When copying the data below, keep only the lines from the one with "джинсовая рубашка с" through the one with "Princess Diana Wales", word for word, and skip the pictures.
# # # # #
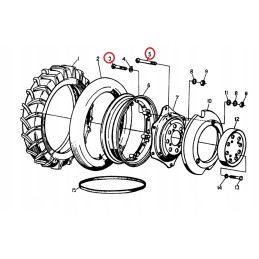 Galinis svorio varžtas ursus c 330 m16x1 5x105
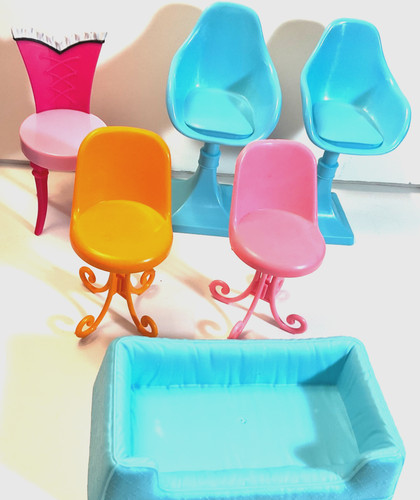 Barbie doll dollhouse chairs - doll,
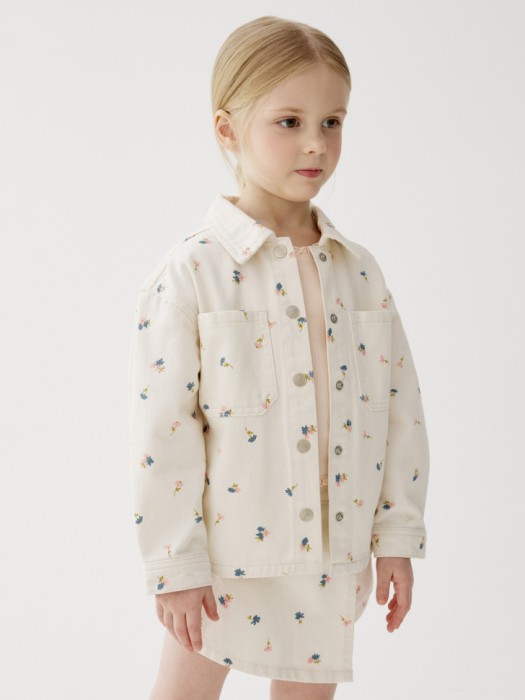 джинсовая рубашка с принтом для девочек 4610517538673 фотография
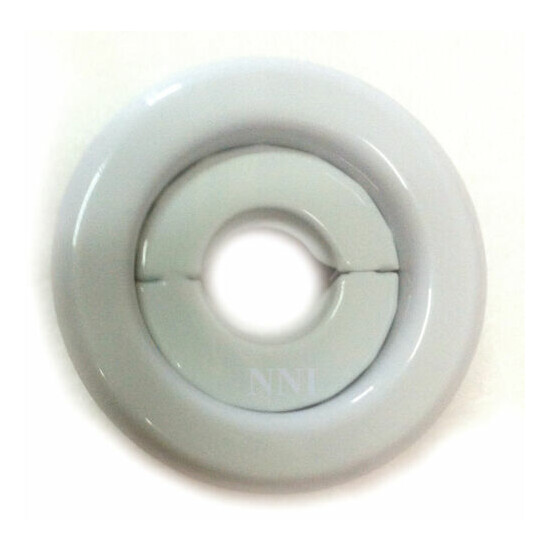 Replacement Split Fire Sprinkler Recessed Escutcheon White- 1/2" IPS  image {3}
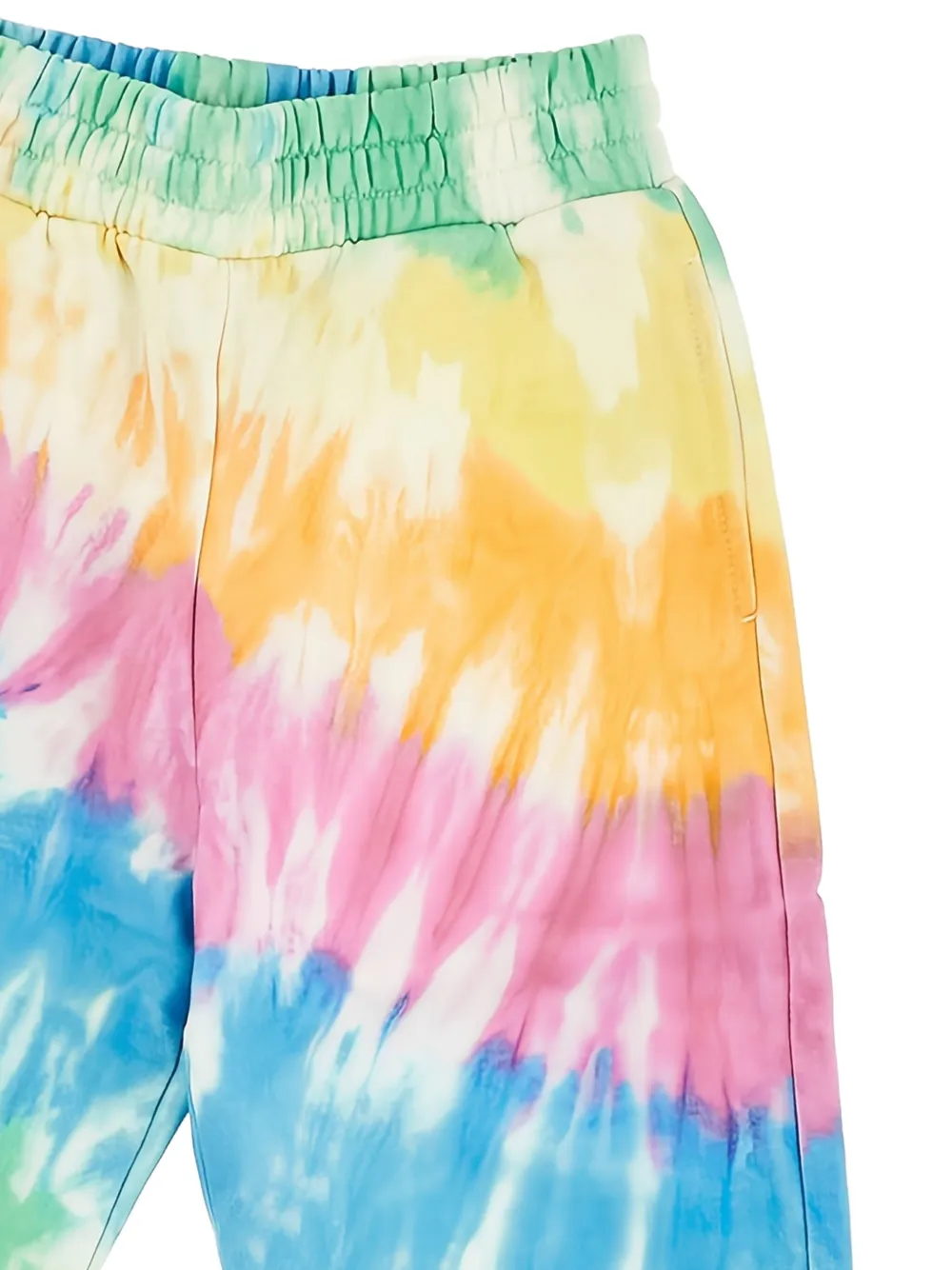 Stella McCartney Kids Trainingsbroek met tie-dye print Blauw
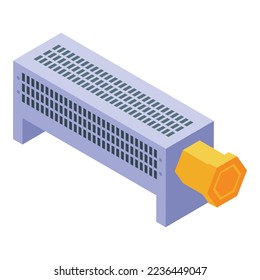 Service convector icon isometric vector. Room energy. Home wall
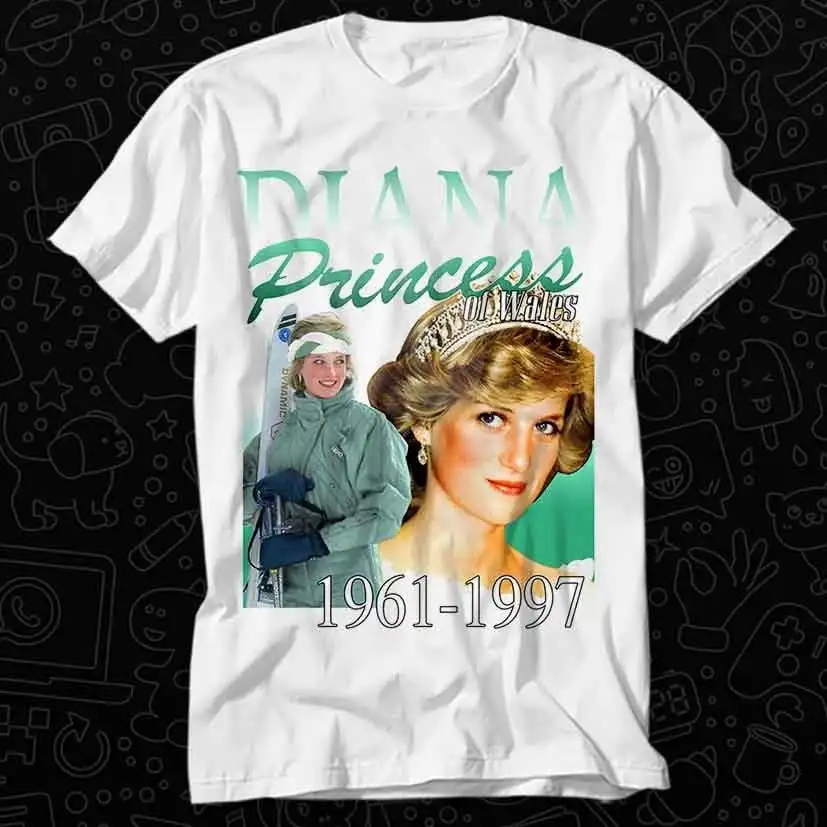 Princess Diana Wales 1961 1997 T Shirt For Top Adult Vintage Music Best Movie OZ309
# # # # #
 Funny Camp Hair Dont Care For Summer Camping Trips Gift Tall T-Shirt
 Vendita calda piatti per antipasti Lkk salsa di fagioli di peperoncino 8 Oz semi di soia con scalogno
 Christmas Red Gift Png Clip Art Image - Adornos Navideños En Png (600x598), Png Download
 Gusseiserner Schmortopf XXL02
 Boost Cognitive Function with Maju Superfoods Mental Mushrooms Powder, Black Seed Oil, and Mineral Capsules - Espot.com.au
# # # # #
The answer -
 джинсовая рубашка с принтом для девочек 4610517538673 фотография
 Replacement Split Fire Sprinkler Recessed Escutcheon White- 1/2" IPS  image {3}
 Stella McCartney Kids Trainingsbroek met tie-dye print Blauw
 Service convector icon isometric vector. Room energy. Home wall
 Princess Diana Wales 1961 1997 T Shirt For Top Adult Vintage Music Best Movie OZ309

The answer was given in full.